• Problem description
Return all of the data exactly, omitting any images.

-- Entries provided follows --

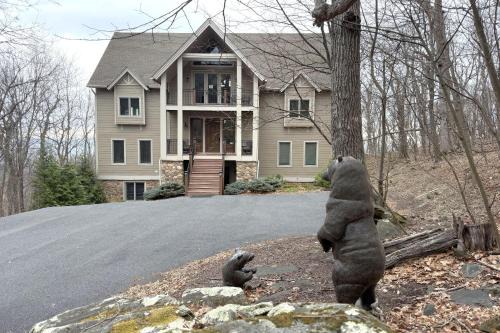 Nellysford House | Mountaintop Lodge with Wintergreen Advantage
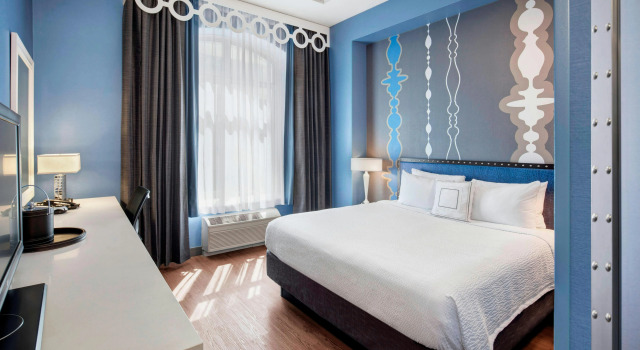 Fairfield Inn and Suites Chicago Downtown/ Magnificent Mile, Забронировать Отель Отели Чикаго 3 звезды, рядом с City Market, 3*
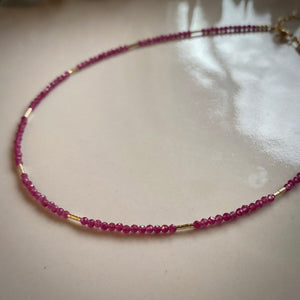 sloane choker (ruby)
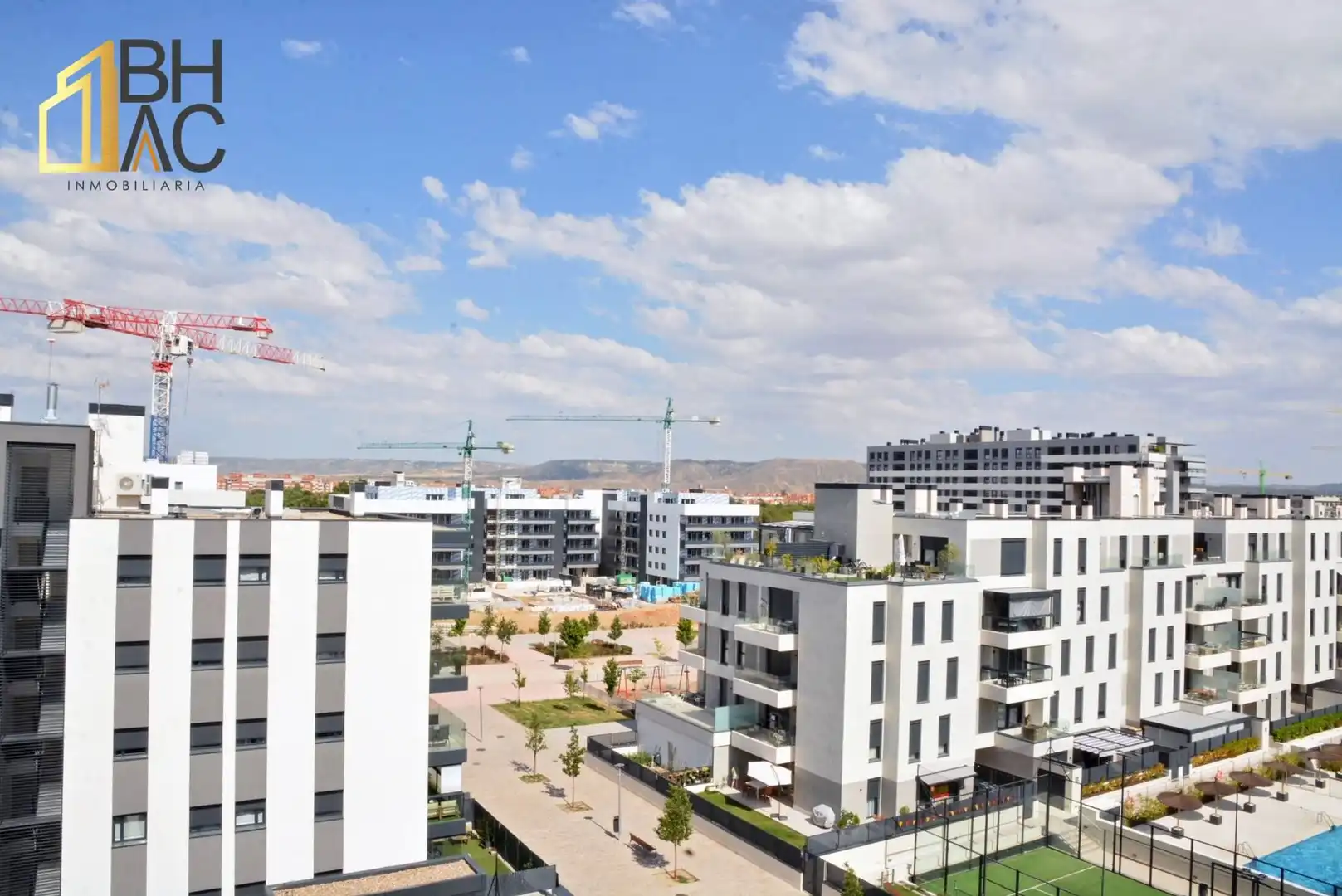 Außenansicht von Dachboden zum Verkauf in Alcalá de Henares mit Klimaanlage, Heizung und Terrasse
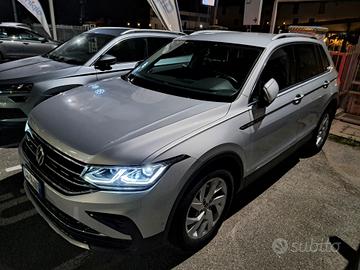 Volkswagen Tiguan 2.0 TDI 150 CV SCR DSG Elegance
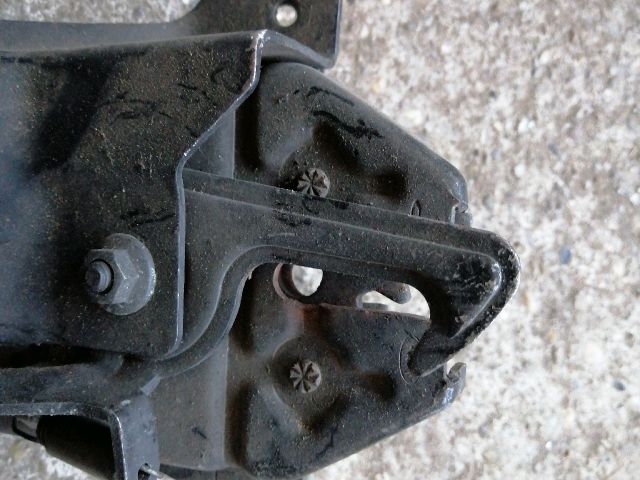 bontott KIA SORENTO Motorháztető Zárszerkezet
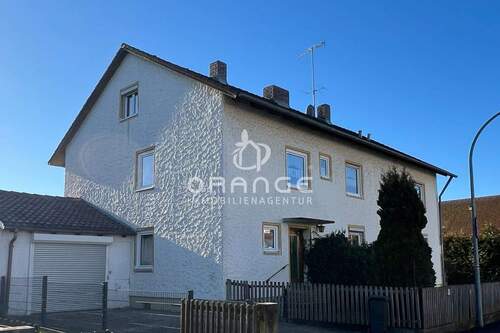 Aussensicht Nord-Ost - Mehrfamilienhaus, Wohnhaus mit 234,00 m&sup2; in Moorenweis zum Kaufen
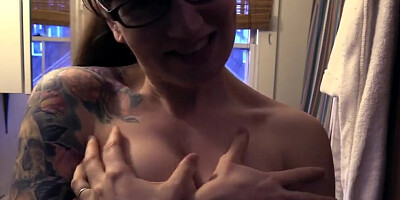 Busty Bettie Bondage is making homemade video with her man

-- Entries provided concluded --

• Written response
 Nellysford House | Mountaintop Lodge with Wintergreen Advantage
 Fairfield Inn and Suites Chicago Downtown/ Magnificent Mile, Забронировать Отель Отели Чикаго 3 звезды, рядом с City Market, 3*
 sloane choker (ruby)
 Außenansicht von Dachboden zum Verkauf in Alcalá de Henares mit Klimaanlage, Heizung und Terrasse
 Volkswagen Tiguan 2.0 TDI 150 CV SCR DSG Elegance
 bontott KIA SORENTO Motorháztető Zárszerkezet
 Aussensicht Nord-Ost - Mehrfamilienhaus, Wohnhaus mit 234,00 m&sup2; in Moorenweis zum Kaufen
 Busty Bettie Bondage is making homemade video with her man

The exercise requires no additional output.